In this exercise, print only the lines from the line with "You guessed right" to the last line of the data below, inclusive. Any pictures should be left out.

◆ PROVIDED DATA ◆

····················

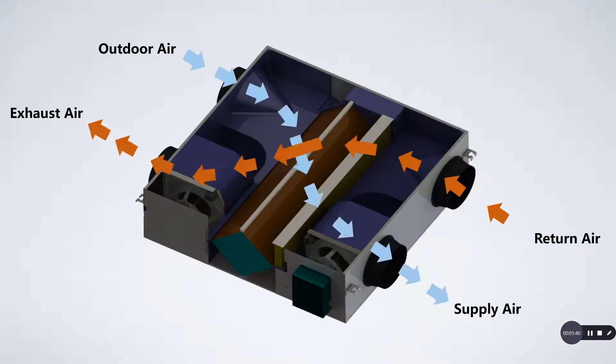Here is a photo of the energy recovery ventilator unit. We can see that the outdoor fresh air is drawn inside and then supplied to the indoors, and the return exhaust air is taken out and then exhausted to the outside.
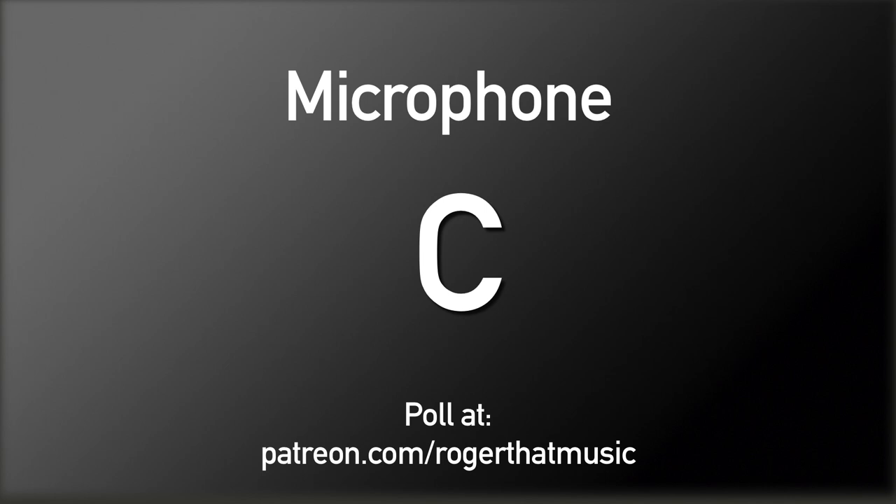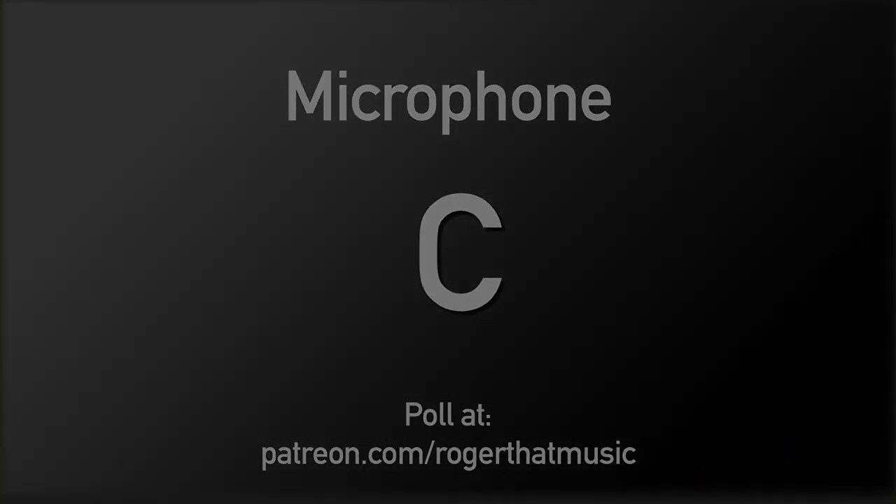You guessed right if you said that the first one — A — was the ADK. B was the Peluso, and the last one was the SM57. So now you know which mic was which.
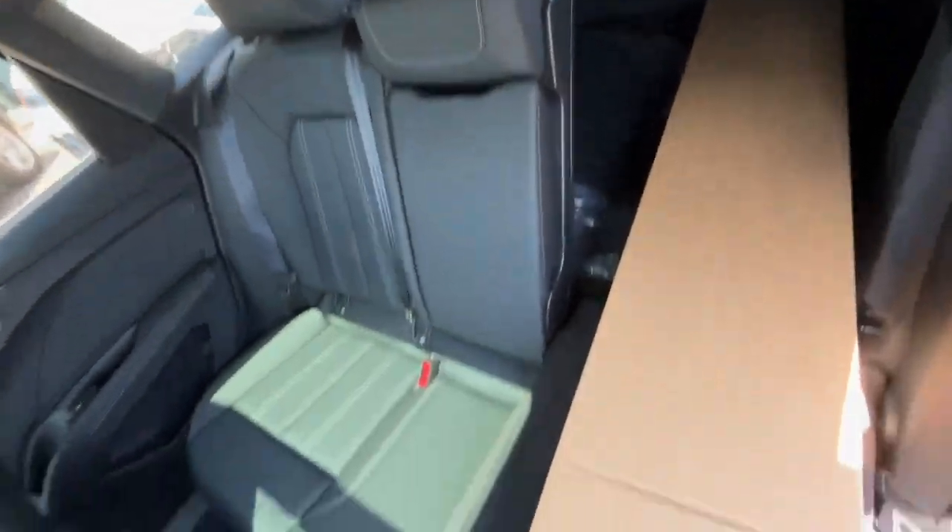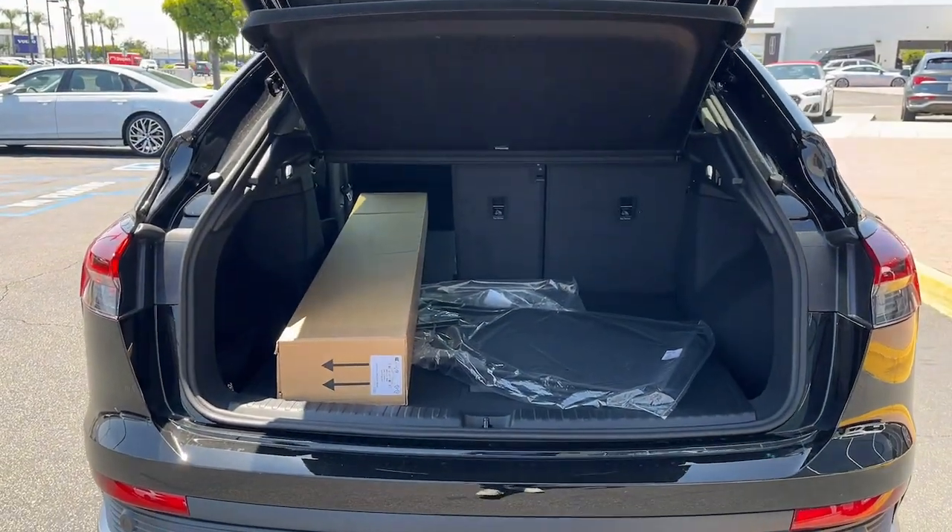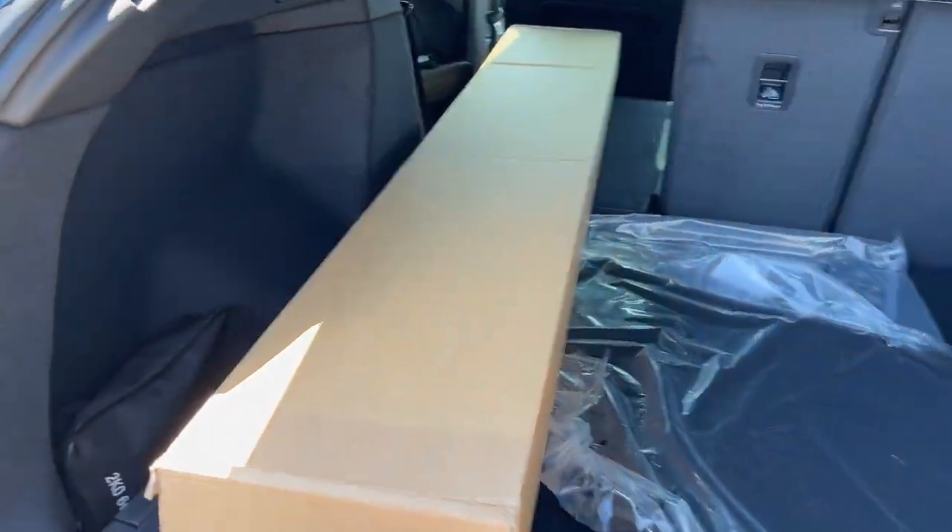Feel inspired in this artfully crafted Q4 e-tron. Treat yourself to a test drive today. Our staff will toss you the keys and give you an outstanding customer experience.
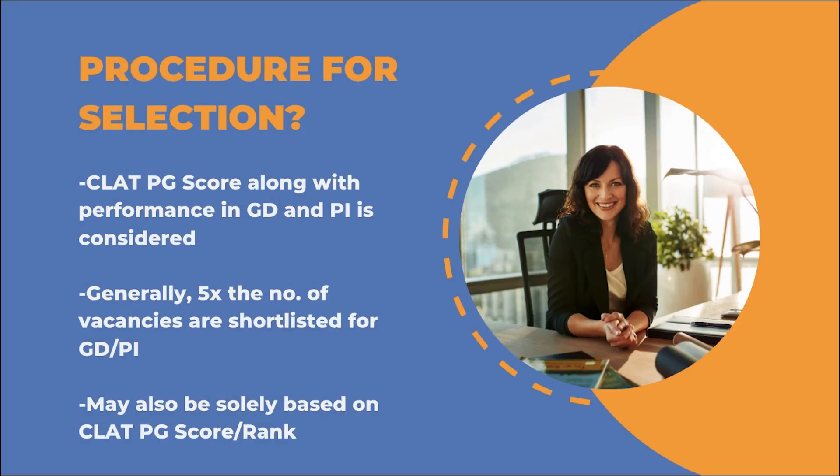Lastly, what is the procedure for selection? The procedure depends on the recruitment conditions of a particular PSU, so there can be no one pattern. Generally the CLAT-PG scorecard is used for shortlisting, and based on that either there's a GD, a PI, or both GD and PI for final selection. They will generally shortlist five times the number of advertised vacancies for the GD-PI stage. However, some PSUs may solely hire based on your CLAT-PG scorecard. In either case, a solid score in the CLAT-PG examination is essential as it will be the deciding factor.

····················

◆ ANSWER AREA ◆
You guessed right if you said that the first one — A — was the ADK. B was the Peluso, and the last one was the SM57. So now you know which mic was which.
Feel inspired in this artfully crafted Q4 e-tron. Treat yourself to a test drive today. Our staff will toss you the keys and give you an outstanding customer experience.
Lastly, what is the procedure for selection? The procedure depends on the recruitment conditions of a particular PSU, so there can be no one pattern. Generally the CLAT-PG scorecard is used for shortlisting, and based on that either there's a GD, a PI, or both GD and PI for final selection. They will generally shortlist five times the number of advertised vacancies for the GD-PI stage. However, some PSUs may solely hire based on your CLAT-PG scorecard. In either case, a solid score in the CLAT-PG examination is essential as it will be the deciding factor.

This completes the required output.